▸ **Assigned task**:
Please transcribe the lines below exactly, and leave every image behind.

▸ **Data extract**:
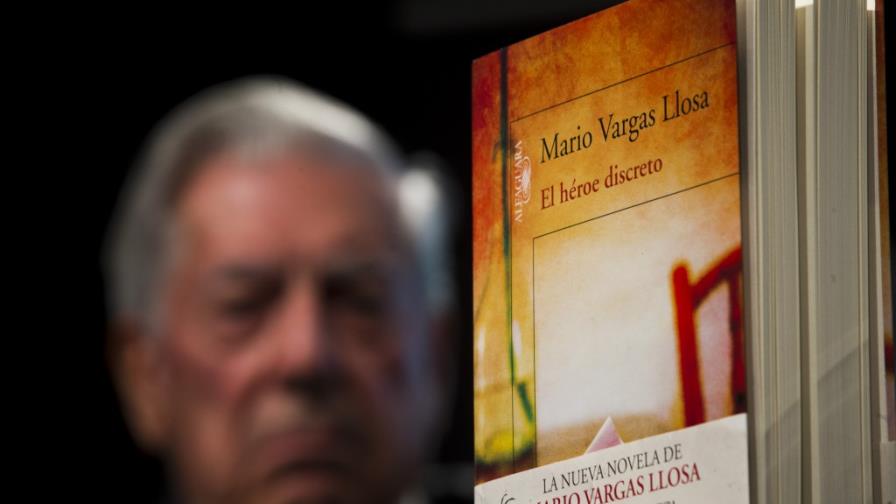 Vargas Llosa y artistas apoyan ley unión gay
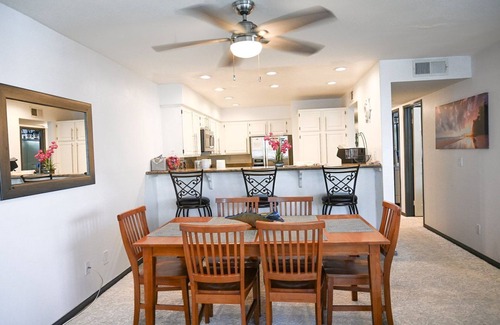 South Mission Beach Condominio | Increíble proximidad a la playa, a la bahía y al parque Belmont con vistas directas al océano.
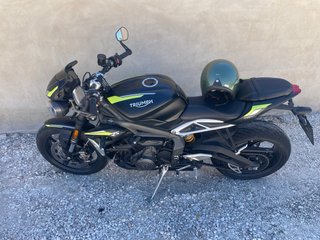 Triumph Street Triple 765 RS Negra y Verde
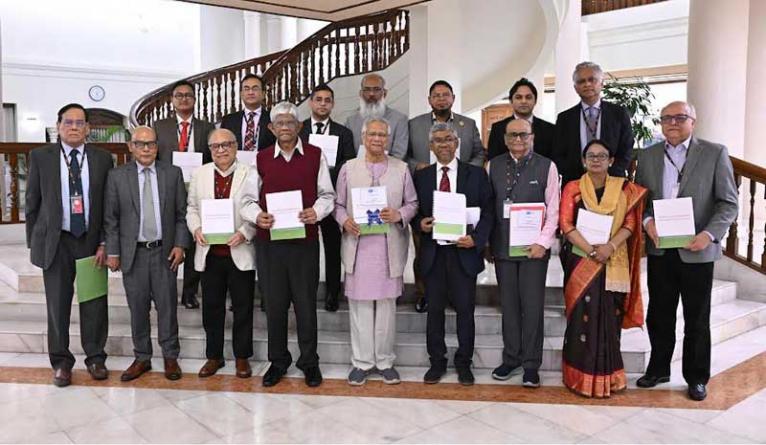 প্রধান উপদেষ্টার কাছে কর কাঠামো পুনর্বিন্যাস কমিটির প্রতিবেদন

▸ **Answer to the problem**:
 Vargas Llosa y artistas apoyan ley unión gay
 South Mission Beach Condominio | Increíble proximidad a la playa, a la bahía y al parque Belmont con vistas directas al océano.
 Triumph Street Triple 765 RS Negra y Verde
 প্রধান উপদেষ্টার কাছে কর কাঠামো পুনর্বিন্যাস কমিটির প্রতিবেদন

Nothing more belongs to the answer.